Outgoing and return partners have a sensor development group that works in the labs of their own Department at the academic level (University). The groups are specialised in the development of biosensors using electrochemical, optical (electrochemiluminescence, fluorescence, fibre optics) and piezoelectric (QCM) transducers, therefore the lab are full equipped with all necessaries for: - Immunoassay or enzyme assay development and characterization; -Screen printing for mass production of electrodes; -Self-assembled monolayers for biocomponent immobilization; -Electropolymerization for biocomponent immobilization; -Development of novel bioconjugation techniques; -Development of novel immobilization techniques; -Affinity chromatography for antibody purification; -Biocomponent stability studies ; -Analytical validation studies; -Electrode surface characterization with SEM and other microscopic techniques
Partners have excellent computing capabilities possessing clusters with running open source applications totally accessible for researchers working in academics. As for the working environment, institutions offer to the researcher an unrestricted broadband internet access and wider access to many bibliographical resources. The institutions also offers considerably better computing capabilities available also in remote since they possess a computing cluster totally accessible for researchers, with many types of software installed that might be useful for the researcher. This is a great change for researcher working conditions, this computing power offered by host institutions along with the professional assistance of bioinformatics team is difficult available.
The project partners are leaders in their respective spheres, having wide experience on nanostructured devices, thus ensuring innovation and a high degree of success in achieving the fundamental science targets of the proposed project.

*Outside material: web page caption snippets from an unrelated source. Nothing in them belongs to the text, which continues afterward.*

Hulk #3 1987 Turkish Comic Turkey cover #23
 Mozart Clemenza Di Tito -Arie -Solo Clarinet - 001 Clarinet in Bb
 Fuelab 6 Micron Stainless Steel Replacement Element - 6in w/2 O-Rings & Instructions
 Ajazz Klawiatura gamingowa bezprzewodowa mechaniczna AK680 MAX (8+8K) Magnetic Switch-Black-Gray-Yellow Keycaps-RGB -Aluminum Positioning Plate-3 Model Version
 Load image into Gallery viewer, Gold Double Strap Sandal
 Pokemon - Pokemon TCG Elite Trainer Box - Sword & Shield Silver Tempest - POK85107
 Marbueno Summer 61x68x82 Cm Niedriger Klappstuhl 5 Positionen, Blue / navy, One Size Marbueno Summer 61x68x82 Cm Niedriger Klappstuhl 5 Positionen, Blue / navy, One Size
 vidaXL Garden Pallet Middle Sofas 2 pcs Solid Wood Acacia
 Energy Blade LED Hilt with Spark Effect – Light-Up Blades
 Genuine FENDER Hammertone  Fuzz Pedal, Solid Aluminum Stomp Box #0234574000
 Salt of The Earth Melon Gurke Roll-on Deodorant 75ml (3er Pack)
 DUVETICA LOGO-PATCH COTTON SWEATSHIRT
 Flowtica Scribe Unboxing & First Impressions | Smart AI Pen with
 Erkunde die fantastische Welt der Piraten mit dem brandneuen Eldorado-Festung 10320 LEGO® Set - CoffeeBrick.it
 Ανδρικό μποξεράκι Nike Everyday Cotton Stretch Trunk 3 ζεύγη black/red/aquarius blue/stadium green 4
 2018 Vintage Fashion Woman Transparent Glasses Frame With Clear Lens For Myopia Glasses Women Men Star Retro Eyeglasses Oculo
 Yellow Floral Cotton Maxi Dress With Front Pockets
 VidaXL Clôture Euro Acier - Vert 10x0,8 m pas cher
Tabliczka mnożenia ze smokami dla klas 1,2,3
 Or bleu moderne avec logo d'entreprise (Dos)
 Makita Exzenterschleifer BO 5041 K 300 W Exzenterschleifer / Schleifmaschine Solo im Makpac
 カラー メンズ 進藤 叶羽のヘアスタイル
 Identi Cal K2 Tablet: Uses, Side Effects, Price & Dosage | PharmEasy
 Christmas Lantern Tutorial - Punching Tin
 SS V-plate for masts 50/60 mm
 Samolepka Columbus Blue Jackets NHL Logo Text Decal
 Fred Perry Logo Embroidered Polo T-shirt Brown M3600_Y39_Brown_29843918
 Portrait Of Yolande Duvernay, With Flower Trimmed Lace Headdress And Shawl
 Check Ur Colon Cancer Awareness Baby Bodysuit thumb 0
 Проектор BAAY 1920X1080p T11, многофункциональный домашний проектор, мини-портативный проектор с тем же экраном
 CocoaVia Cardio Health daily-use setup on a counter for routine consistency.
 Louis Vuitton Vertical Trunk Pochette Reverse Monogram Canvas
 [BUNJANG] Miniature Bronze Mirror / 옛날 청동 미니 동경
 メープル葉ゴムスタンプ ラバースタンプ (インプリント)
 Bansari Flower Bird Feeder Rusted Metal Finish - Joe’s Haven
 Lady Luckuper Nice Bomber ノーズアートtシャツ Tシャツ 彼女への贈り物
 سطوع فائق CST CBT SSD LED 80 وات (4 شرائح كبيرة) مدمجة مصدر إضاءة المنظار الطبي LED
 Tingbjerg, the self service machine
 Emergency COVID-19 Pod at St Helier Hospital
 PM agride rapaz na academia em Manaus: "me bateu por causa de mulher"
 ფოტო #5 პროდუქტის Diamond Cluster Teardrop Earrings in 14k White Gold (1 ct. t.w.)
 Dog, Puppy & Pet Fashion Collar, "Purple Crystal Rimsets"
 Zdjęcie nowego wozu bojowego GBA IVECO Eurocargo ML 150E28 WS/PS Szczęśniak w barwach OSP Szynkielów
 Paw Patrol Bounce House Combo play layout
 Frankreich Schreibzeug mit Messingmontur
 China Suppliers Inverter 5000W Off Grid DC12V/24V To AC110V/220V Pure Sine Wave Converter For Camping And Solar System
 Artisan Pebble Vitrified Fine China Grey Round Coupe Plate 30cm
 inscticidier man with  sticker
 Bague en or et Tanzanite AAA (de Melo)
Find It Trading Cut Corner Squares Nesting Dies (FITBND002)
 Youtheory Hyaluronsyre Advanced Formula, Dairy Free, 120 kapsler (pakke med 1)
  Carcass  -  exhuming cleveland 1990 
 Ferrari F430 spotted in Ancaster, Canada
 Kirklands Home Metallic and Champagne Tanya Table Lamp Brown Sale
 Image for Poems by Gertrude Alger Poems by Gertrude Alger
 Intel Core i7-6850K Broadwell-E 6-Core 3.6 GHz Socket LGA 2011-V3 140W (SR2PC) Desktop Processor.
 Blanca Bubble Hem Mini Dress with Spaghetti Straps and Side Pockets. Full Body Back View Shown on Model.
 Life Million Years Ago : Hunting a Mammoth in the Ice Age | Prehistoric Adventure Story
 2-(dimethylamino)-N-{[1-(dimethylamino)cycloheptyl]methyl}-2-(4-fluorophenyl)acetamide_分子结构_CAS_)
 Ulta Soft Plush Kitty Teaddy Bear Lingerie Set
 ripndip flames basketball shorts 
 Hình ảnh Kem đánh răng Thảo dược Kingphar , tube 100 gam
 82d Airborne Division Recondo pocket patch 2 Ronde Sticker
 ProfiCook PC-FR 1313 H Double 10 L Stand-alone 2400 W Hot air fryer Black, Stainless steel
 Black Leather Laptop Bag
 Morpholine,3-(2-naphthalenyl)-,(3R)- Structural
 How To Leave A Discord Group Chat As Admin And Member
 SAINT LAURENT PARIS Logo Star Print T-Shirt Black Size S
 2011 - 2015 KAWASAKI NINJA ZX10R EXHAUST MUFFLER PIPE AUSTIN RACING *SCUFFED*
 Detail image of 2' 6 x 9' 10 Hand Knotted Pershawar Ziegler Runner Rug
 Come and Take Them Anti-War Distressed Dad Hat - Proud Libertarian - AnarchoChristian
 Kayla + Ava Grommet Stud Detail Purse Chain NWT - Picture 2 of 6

The UCSD Nanobioelectronic team along with UCM group are already involved in projects for the design of versatile and powerful efficient electrochemical protocols and of sophisticated schemes for their precise analytical control for broad range of practical biomedical and environmental applications. The group has made pioneering contributions towards the design of powerful application of electrochemistry exploring the fundamental aspects of the recognition and transduction events, developing and characterizing new coating materials and electrode transducers, designing new microsensors for clinical diagnostics, environmental monitoring, security surveillance, or industrial process control, exploring flexible wearable (strechable) devices for minimally-invasive on-body sensing (e.g., tattoo-based sensors), developing 'smart' Sense/Act logic-based closed-loop devices, new interfaces for ultrasensitive bioaffinity (DNA, protein) assays, enhancing biodetection through the use of novel materials (e.g., nanowires, nanoparticles) and build compact instruments for field measurement.